Task prompt: Your copy of the lines below must match them exactly and contain no images.

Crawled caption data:
-=-=-=-=-

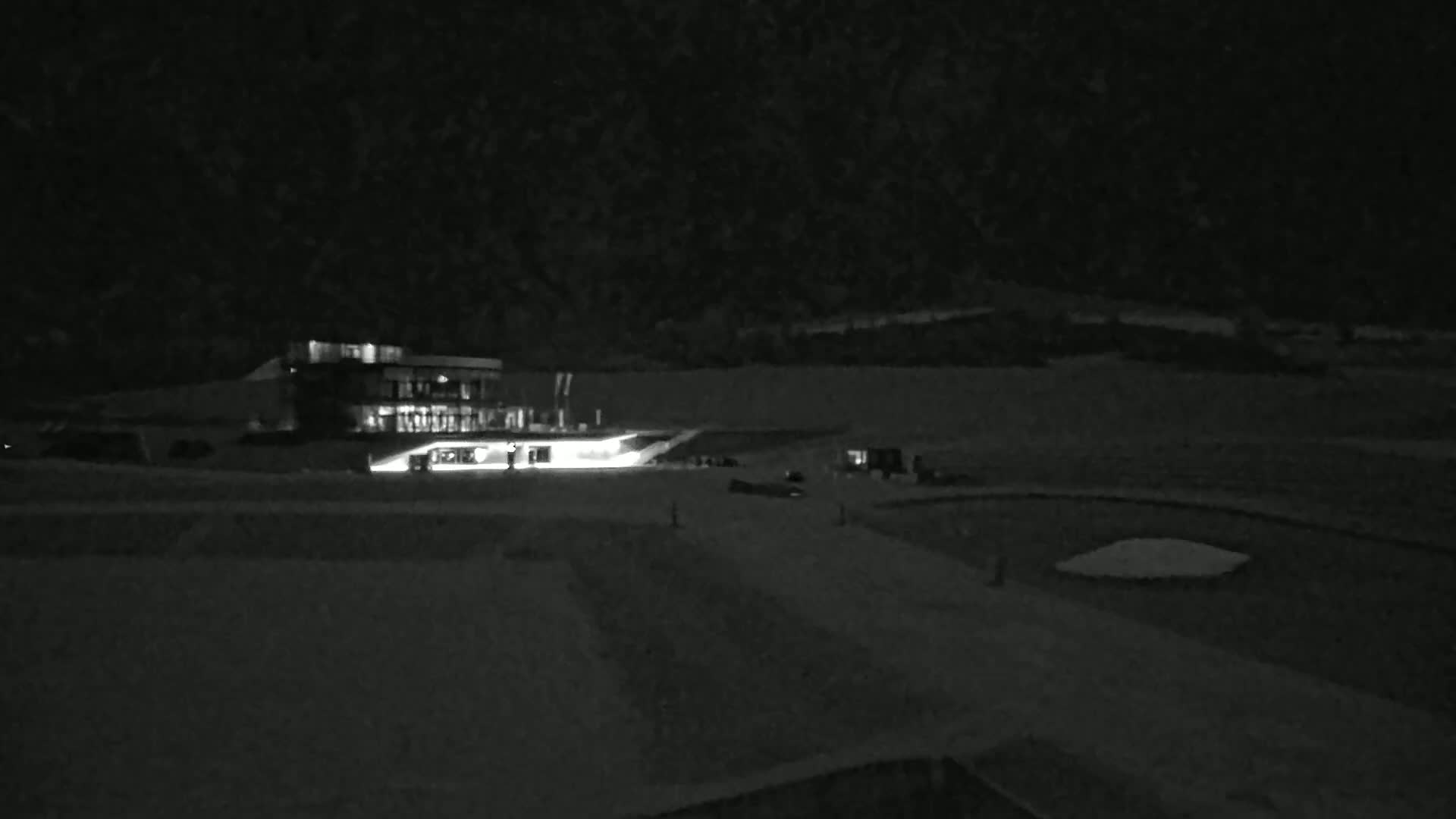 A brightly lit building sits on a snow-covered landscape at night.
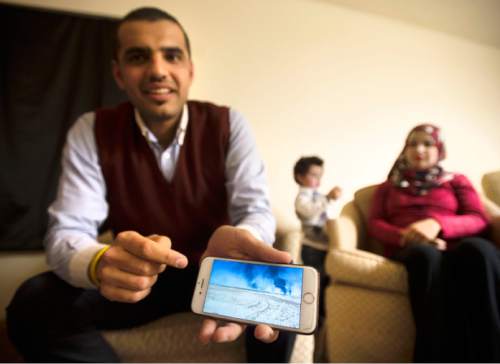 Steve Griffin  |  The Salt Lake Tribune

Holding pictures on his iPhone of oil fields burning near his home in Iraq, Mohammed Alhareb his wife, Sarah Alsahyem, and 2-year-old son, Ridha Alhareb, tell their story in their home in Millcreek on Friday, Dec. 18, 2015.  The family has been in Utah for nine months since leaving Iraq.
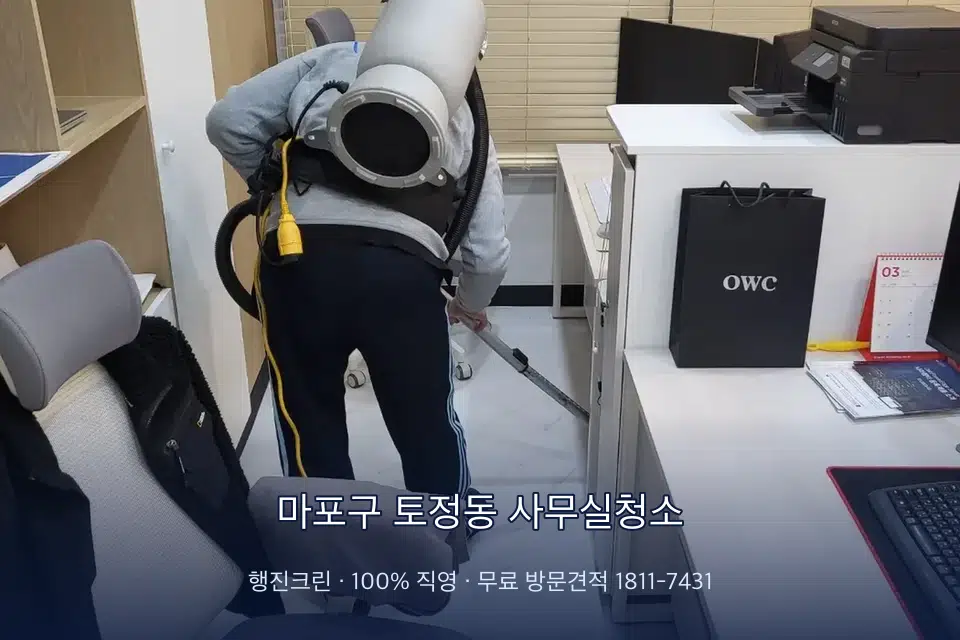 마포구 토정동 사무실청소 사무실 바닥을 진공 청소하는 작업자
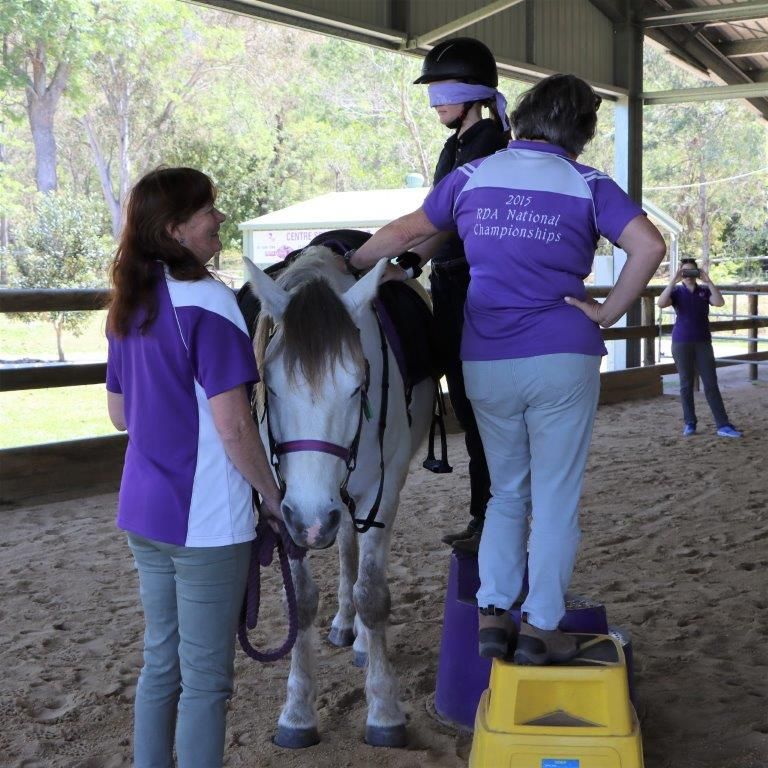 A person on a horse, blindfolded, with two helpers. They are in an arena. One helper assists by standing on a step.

-=-=-=-=-

Your solution:
 A brightly lit building sits on a snow-covered landscape at night.
 Steve Griffin  |  The Salt Lake Tribune

Holding pictures on his iPhone of oil fields burning near his home in Iraq, Mohammed Alhareb his wife, Sarah Alsahyem, and 2-year-old son, Ridha Alhareb, tell their story in their home in Millcreek on Friday, Dec. 18, 2015.  The family has been in Utah for nine months since leaving Iraq.
 마포구 토정동 사무실청소 사무실 바닥을 진공 청소하는 작업자
 A person on a horse, blindfolded, with two helpers. They are in an arena. One helper assists by standing on a step.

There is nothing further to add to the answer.